Sex cord-stromal tumors, also known as sex cord-gonadal stromal tumors, develop in the ovaries and testes.
This group of tumors is responsible for just under 5% of testicular cancers, as well as 8% of ovarian cancers. 70% of patients with sex cord-stromal tumors are in stage I of tumor development, which often leads to a positive prognosis.
Sex cord-stromal tumors include:
- Granulosa Cell Tumors
- Sertoli-Leydig Cell Tumors
- Sertoli Cell Tumors
- Leydig Cell Tumors
- Sclerosing stromal tumors
Of these, the most common are granulosa cell tumors and Sertoli-Leydig cell tumors. 15,000-20,000 cases of sex cord-stromal tumours are diagnosed every year in the United States.

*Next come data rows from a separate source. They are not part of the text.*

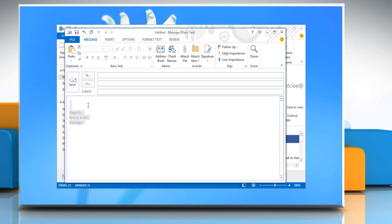in a New Message, in the Include group, click Signature and then select the signature that you want.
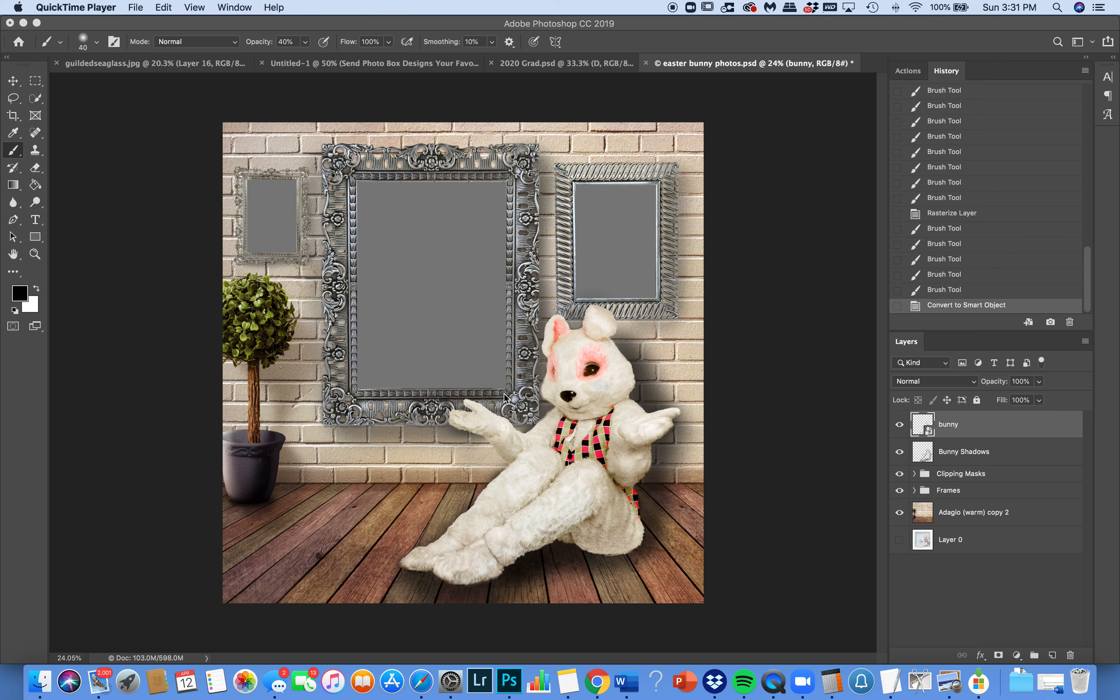Hi everyone, this is Alisa from Photobox Designs. I want to show you this cute little bunny template. So easy to use.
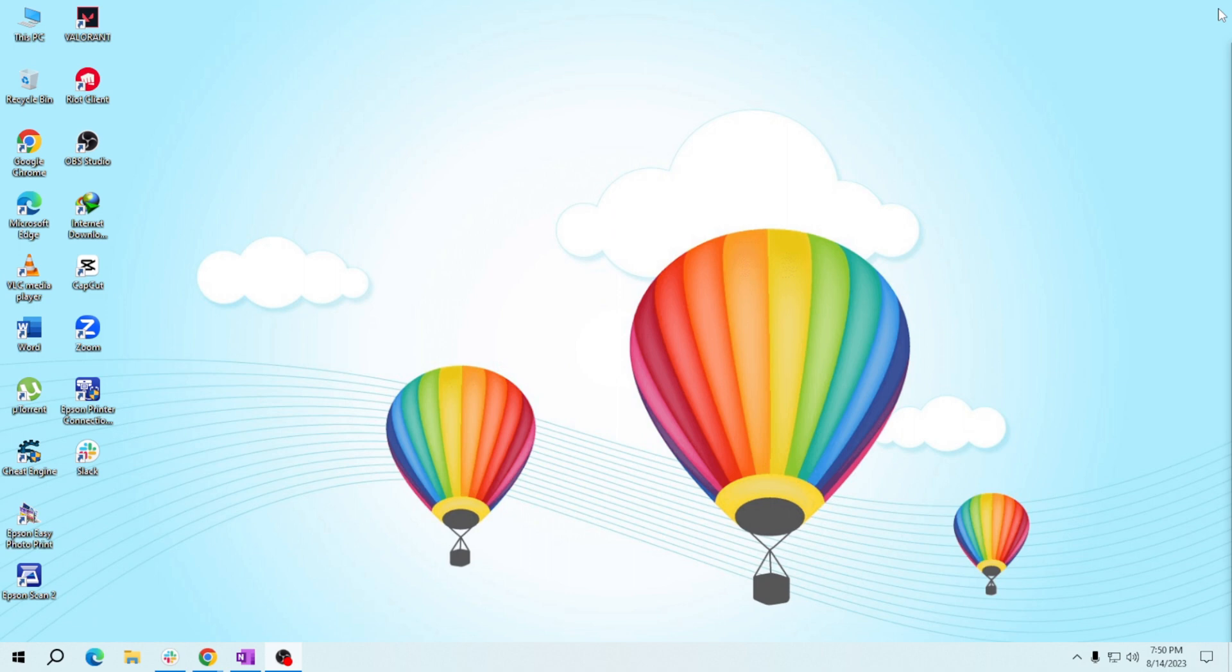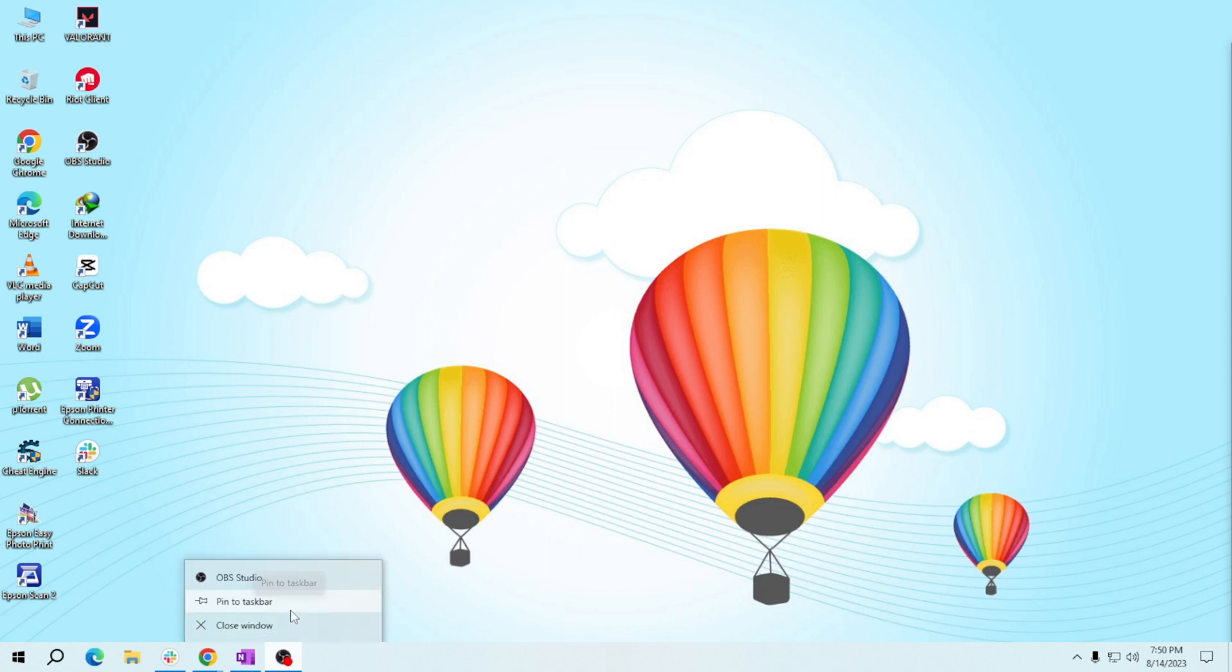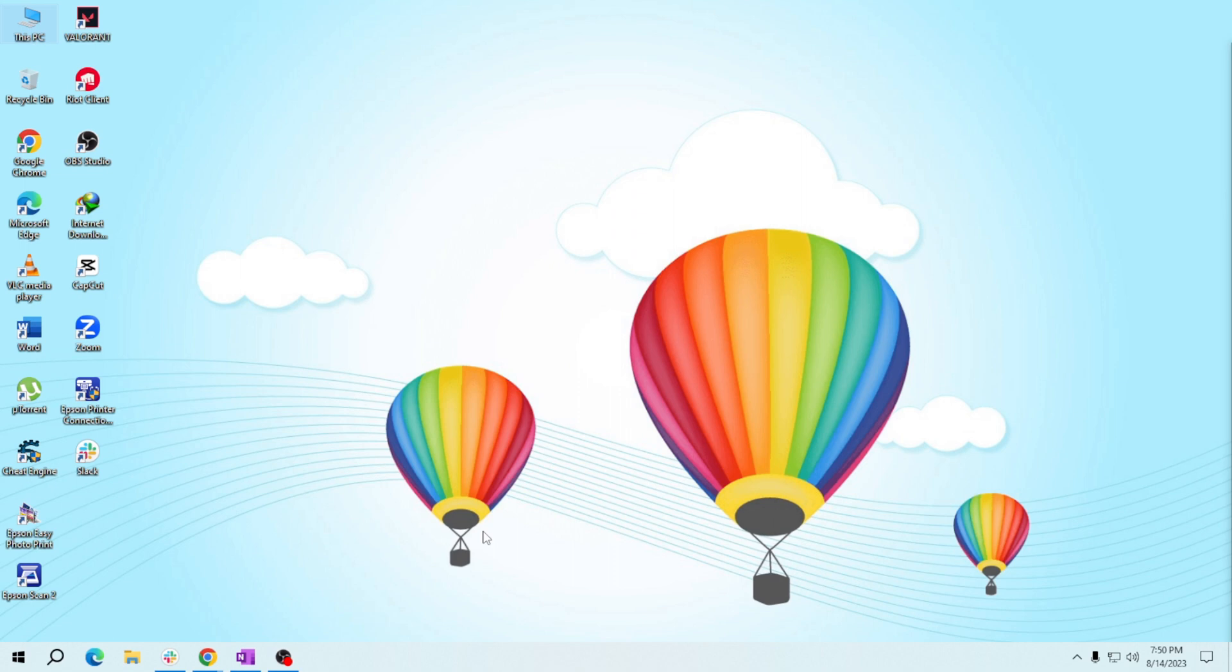For those apps you use every day, you can pin them to your taskbar. Right-click on the app icon and then select pin to taskbar. And tada, your favorites are just a click away.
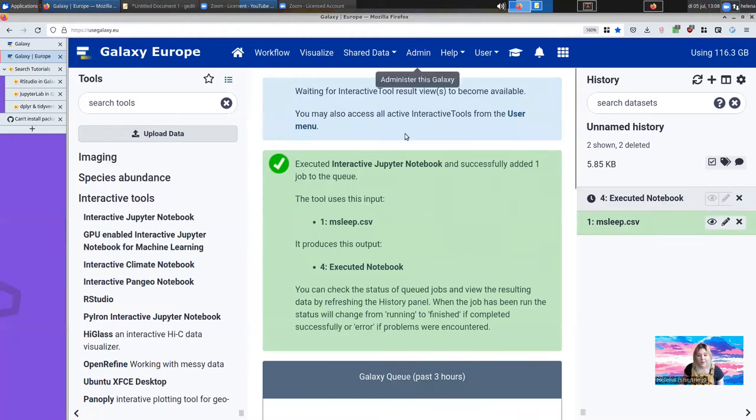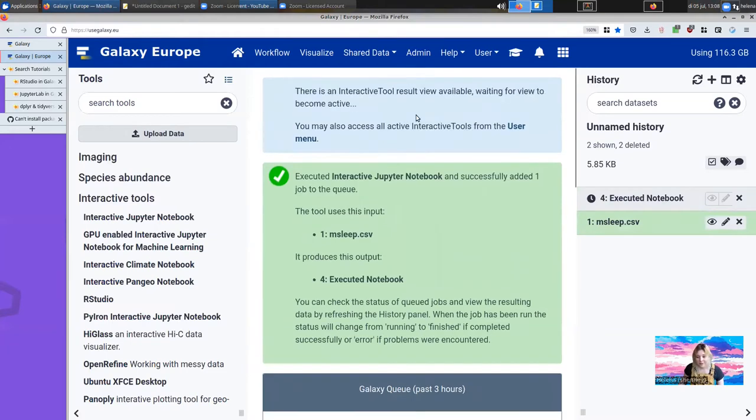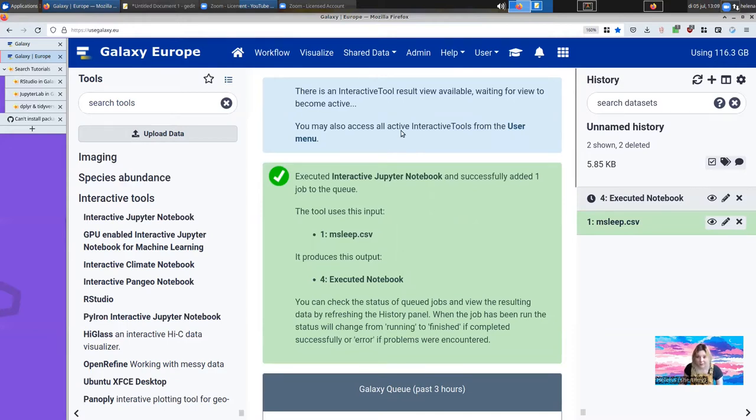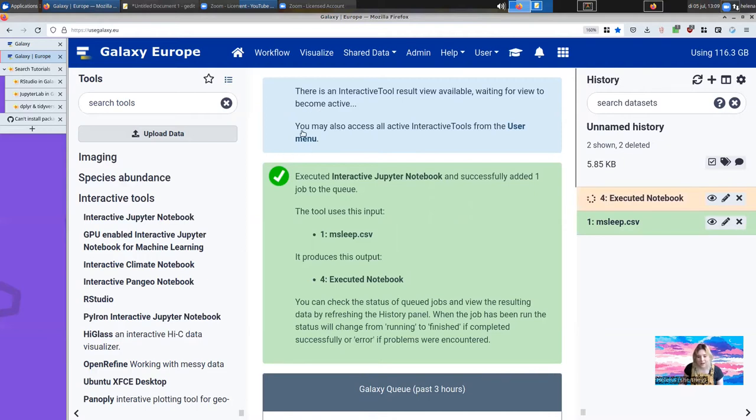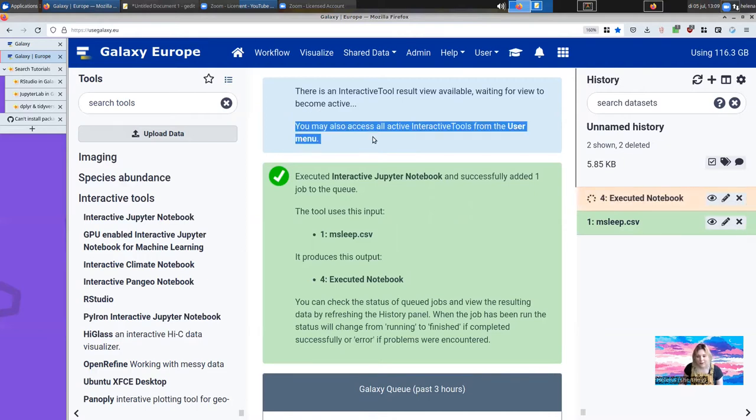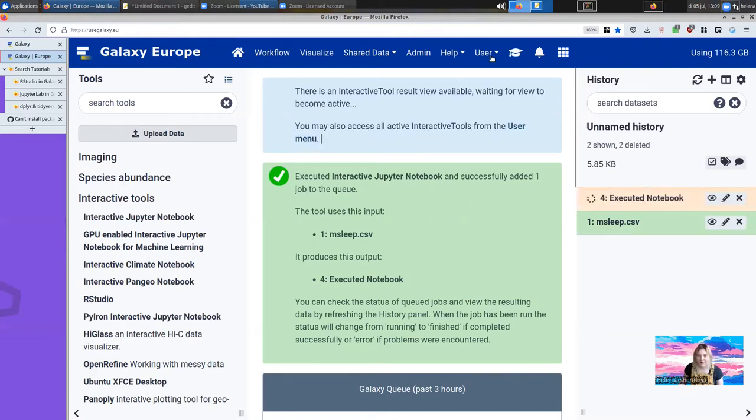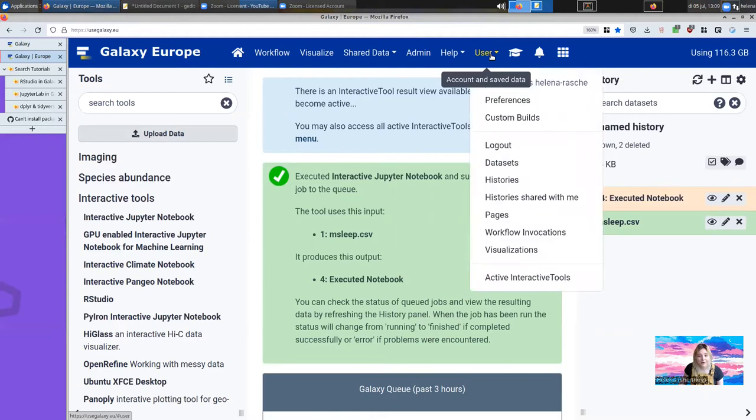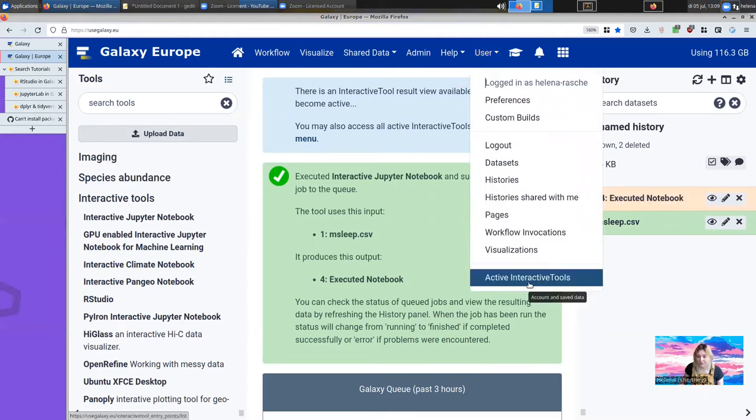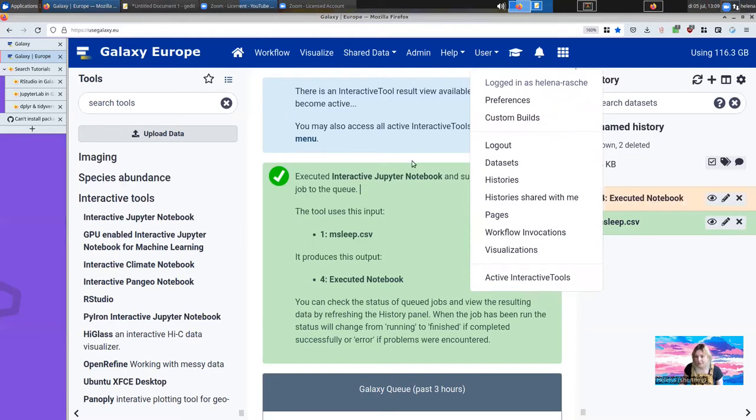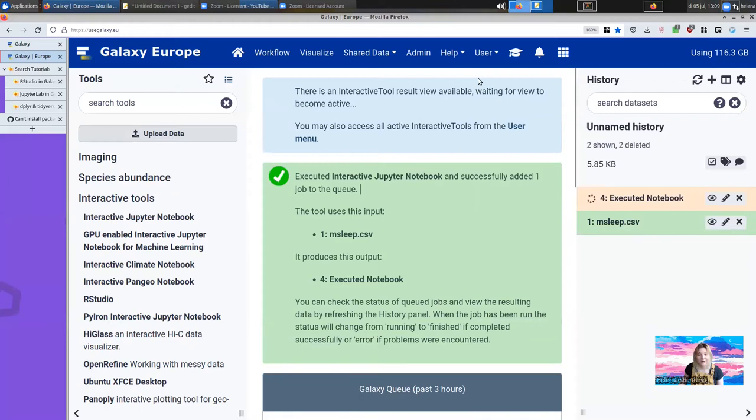You'll note that when the interactive tool launches you get this blue box at the top. It says there's an interactive tool starting. If you'd like to wait for it to be active you can do that from here. And you can also always access them from the user menu. Under the user menu you'll find them under active interactive tools. You'll get a link once it's running.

Signs and Symptoms (Pathophysiology)
Symptoms of sex cord-stromal tumors vary depending on the type of tumor (see above).
Symptoms may include:
- Back Pain
- Abdominal Swelling or Bloating
- Feeling Full
- Pelvic or Abdominal Pain
- Upset Stomach
- Frequent Need to Urinate
- Menstrual Irregularities
- Pain During Sex
Symptoms often go undetected until late development.
Diagnosis and Staging
An exact diagnosis can only be made with a biopsy (the removal of cell groups and/or tissues). A histological examination is performed following the biopsy, which is also critical in securing a proper diagnosis and a positive prognosis.
In the future, physicians hope to diagnose sex-cord stromal tumors using magnetic resonance imaging (MRI). MRI is non-invasive, whereas biopsy requires a needle and syringe, or an incision.
The removal of sex cord-stromal tumors is conducted through surgery. The type of surgery varies, usually depending on age; for example, young women may be treated through a bilateral salpingo-oophorectomy (the removal of the fallopian tubes and ovaries). In older women, treatment can also include a complete hysterectomy (the removal of the uterus). Localized tumors may also be treated with Chemotherapy and Radiation.
Prognosis is typically positive. Depending on the type of tumor, survival rates are between 90 and 100% in early stages. The mortality rate for patients with juvenile granulosa cell tumors, for example, is less than 2%.
As with most cancers, survival rates drastically decrease with late-stage diagnoses. Patients with advanced stages of granulosa cell tumours, for instance, have only a 25 to 50% 5-year survival rate.